**EXERCISE DESCRIPTION:** Below are entries; output exactly the lines from the one with "Snapshot of Andricastro" to the one with "Altın Kaplama Minimal", both included, and nothing else.

**Short descriptive text snippets:**
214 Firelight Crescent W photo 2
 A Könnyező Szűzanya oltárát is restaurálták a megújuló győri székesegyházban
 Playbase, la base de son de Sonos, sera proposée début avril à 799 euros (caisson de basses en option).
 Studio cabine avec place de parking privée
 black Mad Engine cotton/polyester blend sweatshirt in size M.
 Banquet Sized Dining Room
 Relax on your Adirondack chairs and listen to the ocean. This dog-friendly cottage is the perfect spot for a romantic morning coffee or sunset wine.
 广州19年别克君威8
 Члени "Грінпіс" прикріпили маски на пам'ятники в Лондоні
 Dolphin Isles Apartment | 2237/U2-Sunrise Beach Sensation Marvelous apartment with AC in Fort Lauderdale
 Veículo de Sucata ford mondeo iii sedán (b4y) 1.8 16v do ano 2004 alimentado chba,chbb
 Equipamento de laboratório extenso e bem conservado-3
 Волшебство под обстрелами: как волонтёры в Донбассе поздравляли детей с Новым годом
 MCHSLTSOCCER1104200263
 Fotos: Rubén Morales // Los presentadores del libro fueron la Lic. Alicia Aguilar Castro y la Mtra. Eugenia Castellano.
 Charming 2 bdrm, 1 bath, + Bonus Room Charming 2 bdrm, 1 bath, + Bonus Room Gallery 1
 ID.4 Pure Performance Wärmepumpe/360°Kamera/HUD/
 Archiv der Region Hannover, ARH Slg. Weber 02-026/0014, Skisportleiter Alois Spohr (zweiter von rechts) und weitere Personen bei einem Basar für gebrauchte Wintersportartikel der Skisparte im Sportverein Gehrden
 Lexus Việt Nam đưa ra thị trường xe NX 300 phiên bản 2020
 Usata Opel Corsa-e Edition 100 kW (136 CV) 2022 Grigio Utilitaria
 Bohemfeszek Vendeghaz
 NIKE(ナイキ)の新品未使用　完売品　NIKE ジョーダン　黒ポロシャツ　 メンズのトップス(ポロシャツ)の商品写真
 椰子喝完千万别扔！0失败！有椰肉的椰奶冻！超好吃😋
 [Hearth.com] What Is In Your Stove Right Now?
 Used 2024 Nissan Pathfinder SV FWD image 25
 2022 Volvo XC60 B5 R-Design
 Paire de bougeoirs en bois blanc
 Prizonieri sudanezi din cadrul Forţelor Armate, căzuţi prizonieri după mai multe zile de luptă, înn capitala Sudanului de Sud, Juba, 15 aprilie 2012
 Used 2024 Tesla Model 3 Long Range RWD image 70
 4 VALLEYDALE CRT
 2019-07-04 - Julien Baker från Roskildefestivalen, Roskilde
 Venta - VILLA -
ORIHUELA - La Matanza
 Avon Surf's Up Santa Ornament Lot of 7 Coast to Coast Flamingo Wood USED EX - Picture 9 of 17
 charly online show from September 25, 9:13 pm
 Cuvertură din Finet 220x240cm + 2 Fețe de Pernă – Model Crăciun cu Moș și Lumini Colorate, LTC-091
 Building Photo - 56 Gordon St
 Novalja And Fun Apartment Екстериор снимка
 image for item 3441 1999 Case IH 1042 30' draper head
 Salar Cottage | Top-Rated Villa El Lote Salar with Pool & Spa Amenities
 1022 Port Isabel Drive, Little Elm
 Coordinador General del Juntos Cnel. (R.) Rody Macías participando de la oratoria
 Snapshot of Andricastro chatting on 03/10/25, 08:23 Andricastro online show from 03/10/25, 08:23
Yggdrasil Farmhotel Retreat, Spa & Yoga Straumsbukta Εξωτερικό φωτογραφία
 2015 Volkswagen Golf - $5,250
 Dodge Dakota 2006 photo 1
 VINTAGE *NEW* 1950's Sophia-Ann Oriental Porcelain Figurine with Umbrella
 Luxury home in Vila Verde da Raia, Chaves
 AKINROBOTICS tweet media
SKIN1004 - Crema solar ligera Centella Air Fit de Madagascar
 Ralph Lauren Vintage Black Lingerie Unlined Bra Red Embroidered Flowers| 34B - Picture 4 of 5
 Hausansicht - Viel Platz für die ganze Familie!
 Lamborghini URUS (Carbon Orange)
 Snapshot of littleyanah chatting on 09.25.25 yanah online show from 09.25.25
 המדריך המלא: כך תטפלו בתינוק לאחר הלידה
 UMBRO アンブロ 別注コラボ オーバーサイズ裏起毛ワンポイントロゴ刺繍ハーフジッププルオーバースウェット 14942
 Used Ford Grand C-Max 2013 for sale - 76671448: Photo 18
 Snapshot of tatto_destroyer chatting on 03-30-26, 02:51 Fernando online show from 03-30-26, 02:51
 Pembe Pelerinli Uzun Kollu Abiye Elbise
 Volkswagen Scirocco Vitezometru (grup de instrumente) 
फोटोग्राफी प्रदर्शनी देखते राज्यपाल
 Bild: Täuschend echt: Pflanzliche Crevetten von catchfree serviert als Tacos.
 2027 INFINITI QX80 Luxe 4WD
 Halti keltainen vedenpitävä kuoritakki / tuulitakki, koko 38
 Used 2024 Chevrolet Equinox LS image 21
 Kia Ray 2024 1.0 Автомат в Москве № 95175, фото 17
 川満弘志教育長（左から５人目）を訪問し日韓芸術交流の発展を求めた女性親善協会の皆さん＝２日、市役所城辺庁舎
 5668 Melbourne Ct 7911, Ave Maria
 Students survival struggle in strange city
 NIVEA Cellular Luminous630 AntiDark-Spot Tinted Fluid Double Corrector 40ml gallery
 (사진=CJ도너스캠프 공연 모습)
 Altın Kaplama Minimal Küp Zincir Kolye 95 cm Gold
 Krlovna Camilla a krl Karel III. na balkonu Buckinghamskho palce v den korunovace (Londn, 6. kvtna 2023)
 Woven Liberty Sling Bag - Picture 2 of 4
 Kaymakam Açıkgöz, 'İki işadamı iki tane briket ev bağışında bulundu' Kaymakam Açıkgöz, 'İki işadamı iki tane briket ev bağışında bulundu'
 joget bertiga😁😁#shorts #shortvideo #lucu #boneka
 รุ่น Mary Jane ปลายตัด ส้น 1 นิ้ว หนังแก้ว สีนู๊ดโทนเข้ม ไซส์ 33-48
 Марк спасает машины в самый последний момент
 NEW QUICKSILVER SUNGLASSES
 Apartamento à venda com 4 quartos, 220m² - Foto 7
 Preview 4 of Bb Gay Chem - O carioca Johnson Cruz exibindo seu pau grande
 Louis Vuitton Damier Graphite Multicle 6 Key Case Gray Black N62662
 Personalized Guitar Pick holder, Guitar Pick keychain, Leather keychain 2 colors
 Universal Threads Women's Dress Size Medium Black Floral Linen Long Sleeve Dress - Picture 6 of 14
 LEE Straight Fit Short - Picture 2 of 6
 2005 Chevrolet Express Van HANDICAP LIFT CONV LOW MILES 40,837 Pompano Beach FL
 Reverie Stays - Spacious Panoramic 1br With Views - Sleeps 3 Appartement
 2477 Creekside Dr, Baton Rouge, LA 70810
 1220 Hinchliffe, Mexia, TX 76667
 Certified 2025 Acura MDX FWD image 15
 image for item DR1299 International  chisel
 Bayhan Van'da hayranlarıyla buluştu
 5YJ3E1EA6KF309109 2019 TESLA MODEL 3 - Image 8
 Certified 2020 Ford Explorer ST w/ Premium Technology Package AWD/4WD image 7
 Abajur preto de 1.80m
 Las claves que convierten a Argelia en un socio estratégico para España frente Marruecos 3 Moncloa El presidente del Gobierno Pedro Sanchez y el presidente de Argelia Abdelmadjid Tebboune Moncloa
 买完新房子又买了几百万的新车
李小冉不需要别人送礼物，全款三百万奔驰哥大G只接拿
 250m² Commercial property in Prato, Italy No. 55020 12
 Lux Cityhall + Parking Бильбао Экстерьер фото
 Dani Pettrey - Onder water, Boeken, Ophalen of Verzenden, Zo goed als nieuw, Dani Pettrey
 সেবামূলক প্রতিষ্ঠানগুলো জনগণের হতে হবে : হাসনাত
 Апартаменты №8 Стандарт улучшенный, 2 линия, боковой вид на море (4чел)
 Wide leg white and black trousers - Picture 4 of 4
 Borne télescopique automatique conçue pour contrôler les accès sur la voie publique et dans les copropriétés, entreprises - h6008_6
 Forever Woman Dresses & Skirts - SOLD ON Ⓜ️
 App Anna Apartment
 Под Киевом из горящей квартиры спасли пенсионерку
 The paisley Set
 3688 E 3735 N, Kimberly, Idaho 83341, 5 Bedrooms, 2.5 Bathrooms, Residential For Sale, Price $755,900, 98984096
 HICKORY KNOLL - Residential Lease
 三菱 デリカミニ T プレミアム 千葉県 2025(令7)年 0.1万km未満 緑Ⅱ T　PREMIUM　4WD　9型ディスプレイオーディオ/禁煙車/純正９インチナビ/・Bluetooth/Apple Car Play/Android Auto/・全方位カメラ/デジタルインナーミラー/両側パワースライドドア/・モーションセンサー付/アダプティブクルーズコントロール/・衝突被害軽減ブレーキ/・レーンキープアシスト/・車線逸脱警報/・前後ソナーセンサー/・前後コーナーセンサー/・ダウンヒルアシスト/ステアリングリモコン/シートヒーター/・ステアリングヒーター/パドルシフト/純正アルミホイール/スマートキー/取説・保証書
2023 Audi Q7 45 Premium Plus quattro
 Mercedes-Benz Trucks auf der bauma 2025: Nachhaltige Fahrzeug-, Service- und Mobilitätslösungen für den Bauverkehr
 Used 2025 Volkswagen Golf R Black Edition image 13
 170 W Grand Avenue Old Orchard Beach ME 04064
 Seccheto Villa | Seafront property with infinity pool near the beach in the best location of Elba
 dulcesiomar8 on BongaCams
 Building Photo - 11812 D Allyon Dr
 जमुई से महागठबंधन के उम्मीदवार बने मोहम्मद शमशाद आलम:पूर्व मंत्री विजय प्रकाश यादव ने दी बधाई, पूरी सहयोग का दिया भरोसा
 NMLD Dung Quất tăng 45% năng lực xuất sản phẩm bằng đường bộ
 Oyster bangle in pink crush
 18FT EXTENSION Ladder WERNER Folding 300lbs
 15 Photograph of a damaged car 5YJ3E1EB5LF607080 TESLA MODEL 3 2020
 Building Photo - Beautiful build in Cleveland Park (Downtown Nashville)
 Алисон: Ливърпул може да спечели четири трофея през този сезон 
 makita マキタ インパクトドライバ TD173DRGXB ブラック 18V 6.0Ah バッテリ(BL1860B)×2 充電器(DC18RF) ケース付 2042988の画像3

**OUTPUT:**
 Snapshot of Andricastro chatting on 03/10/25, 08:23 Andricastro online show from 03/10/25, 08:23
Yggdrasil Farmhotel Retreat, Spa & Yoga Straumsbukta Εξωτερικό φωτογραφία
 2015 Volkswagen Golf - $5,250
 Dodge Dakota 2006 photo 1
 VINTAGE *NEW* 1950's Sophia-Ann Oriental Porcelain Figurine with Umbrella
 Luxury home in Vila Verde da Raia, Chaves
 AKINROBOTICS tweet media
SKIN1004 - Crema solar ligera Centella Air Fit de Madagascar
 Ralph Lauren Vintage Black Lingerie Unlined Bra Red Embroidered Flowers| 34B - Picture 4 of 5
 Hausansicht - Viel Platz für die ganze Familie!
 Lamborghini URUS (Carbon Orange)
 Snapshot of littleyanah chatting on 09.25.25 yanah online show from 09.25.25
 המדריך המלא: כך תטפלו בתינוק לאחר הלידה
 UMBRO アンブロ 別注コラボ オーバーサイズ裏起毛ワンポイントロゴ刺繍ハーフジッププルオーバースウェット 14942
 Used Ford Grand C-Max 2013 for sale - 76671448: Photo 18
 Snapshot of tatto_destroyer chatting on 03-30-26, 02:51 Fernando online show from 03-30-26, 02:51
 Pembe Pelerinli Uzun Kollu Abiye Elbise
 Volkswagen Scirocco Vitezometru (grup de instrumente) 
फोटोग्राफी प्रदर्शनी देखते राज्यपाल
 Bild: Täuschend echt: Pflanzliche Crevetten von catchfree serviert als Tacos.
 2027 INFINITI QX80 Luxe 4WD
 Halti keltainen vedenpitävä kuoritakki / tuulitakki, koko 38
 Used 2024 Chevrolet Equinox LS image 21
 Kia Ray 2024 1.0 Автомат в Москве № 95175, фото 17
 川満弘志教育長（左から５人目）を訪問し日韓芸術交流の発展を求めた女性親善協会の皆さん＝２日、市役所城辺庁舎
 5668 Melbourne Ct 7911, Ave Maria
 Students survival struggle in strange city
 NIVEA Cellular Luminous630 AntiDark-Spot Tinted Fluid Double Corrector 40ml gallery
 (사진=CJ도너스캠프 공연 모습)
 Altın Kaplama Minimal Küp Zincir Kolye 95 cm Gold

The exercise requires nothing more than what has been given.